Is there a noticeable difference in performance in performance between these two hubs? I'm having a set of wheels built and the price difference between the two is $350. Is spending the extra money justified?


----------



## cxwrench (Nov 9, 2004)

350 is heavier, made in Taiwan. Same drive mechanism. Not as many options as the 240, but a really good hub.


----------



## masont (Feb 6, 2010)

It's only like 50g heavier too. I think they may put the 18 tooth star ratchet drive in the 350 and the 36 in the 240 these days also, which on a road bike shouldn't affect much. If you want extra points of engagement it's about a $50 upgrade. I've built a bunch of wheels with them - they're great value.


----------



## TJay74 (Sep 9, 2012)

The 36T upgrade is a lot more than $50 now, it is $100 now for both of the ratchets. You can also order thru a Trek dealer the 54T ratchet that DT Swiss makes for their wheels, same price though at $100 for the pair.

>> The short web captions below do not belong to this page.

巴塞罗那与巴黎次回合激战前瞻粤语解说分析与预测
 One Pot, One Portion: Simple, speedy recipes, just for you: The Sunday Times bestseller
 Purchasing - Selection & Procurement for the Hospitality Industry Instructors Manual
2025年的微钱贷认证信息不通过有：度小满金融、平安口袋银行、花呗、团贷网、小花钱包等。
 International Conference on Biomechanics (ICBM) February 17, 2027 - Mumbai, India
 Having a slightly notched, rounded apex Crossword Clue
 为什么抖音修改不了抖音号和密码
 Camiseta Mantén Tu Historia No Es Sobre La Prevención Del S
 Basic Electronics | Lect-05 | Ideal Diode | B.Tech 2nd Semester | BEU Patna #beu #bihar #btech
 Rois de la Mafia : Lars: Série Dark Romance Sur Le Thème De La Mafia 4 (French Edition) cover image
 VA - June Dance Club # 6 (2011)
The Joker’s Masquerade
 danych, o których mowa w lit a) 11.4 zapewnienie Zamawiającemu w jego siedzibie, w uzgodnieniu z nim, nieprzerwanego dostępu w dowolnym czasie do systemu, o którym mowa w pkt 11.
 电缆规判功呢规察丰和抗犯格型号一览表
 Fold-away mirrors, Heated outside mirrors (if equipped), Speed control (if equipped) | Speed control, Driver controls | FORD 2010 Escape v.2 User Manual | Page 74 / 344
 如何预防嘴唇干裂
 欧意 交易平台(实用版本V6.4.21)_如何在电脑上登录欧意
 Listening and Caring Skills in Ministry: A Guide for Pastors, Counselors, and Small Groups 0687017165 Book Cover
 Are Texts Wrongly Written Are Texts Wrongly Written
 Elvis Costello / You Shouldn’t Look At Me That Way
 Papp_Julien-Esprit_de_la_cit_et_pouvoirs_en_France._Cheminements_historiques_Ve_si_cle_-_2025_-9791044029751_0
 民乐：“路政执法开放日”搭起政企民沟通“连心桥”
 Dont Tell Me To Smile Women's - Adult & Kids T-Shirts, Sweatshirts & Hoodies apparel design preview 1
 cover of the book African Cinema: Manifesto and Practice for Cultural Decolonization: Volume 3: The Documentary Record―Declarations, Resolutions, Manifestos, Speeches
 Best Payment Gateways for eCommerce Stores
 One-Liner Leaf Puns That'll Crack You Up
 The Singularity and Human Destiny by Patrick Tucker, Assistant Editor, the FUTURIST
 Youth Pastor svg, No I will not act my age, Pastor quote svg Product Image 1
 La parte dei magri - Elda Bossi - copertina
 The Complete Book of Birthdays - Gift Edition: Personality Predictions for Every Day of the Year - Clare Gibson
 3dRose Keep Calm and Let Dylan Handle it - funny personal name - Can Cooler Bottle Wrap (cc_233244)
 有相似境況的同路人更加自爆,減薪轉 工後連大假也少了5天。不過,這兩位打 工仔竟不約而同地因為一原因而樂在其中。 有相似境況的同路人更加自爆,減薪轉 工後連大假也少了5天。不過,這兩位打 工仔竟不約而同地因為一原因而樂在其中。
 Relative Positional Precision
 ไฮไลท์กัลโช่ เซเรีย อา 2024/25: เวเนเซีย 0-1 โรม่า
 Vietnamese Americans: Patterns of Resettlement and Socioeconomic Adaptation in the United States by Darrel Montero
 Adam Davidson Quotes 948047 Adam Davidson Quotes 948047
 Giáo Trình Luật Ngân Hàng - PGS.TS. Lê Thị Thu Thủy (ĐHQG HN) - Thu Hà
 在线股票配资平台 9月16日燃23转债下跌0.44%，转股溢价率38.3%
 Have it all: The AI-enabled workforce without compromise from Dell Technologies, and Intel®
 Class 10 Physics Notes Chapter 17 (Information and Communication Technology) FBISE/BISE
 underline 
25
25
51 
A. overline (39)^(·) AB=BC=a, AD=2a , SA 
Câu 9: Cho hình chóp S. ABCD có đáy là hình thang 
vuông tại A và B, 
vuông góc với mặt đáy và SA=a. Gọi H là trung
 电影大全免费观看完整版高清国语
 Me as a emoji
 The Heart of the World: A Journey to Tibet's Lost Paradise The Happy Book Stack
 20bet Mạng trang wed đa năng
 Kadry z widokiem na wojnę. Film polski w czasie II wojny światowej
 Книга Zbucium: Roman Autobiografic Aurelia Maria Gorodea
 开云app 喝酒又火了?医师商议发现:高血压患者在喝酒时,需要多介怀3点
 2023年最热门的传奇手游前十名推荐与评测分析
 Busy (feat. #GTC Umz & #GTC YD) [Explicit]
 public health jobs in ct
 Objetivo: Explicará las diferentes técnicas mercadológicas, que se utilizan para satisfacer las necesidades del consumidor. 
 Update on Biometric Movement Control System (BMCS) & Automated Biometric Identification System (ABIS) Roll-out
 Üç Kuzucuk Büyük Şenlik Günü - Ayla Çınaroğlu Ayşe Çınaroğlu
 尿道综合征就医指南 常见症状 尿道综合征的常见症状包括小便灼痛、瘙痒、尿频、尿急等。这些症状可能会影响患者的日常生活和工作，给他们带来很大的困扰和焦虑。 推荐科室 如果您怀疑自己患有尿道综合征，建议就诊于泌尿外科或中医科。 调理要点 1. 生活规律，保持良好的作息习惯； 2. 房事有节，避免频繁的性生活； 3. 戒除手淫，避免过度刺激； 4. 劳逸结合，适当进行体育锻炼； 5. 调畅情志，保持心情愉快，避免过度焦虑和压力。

As said though, weight is the main difference and I would think quality as well. I will let you know in a couple of weeks, Reynolds is having to fix my carbon wheels again and for the hassle are swapping their hubs and spokes out for DT Swiss 240's and Aerolite spokes at no charge.


----------



## looigi (Nov 24, 2010)

TJay74 said:


> ...As said though, weight is the main difference and I would think quality as well...


What, specifically, is quality in this case?


----------



## TJay74 (Sep 9, 2012)

I would venture to bet DT uses a nicer hub shell that is stronger and lighter in the 240's, but that is purely a guess.


----------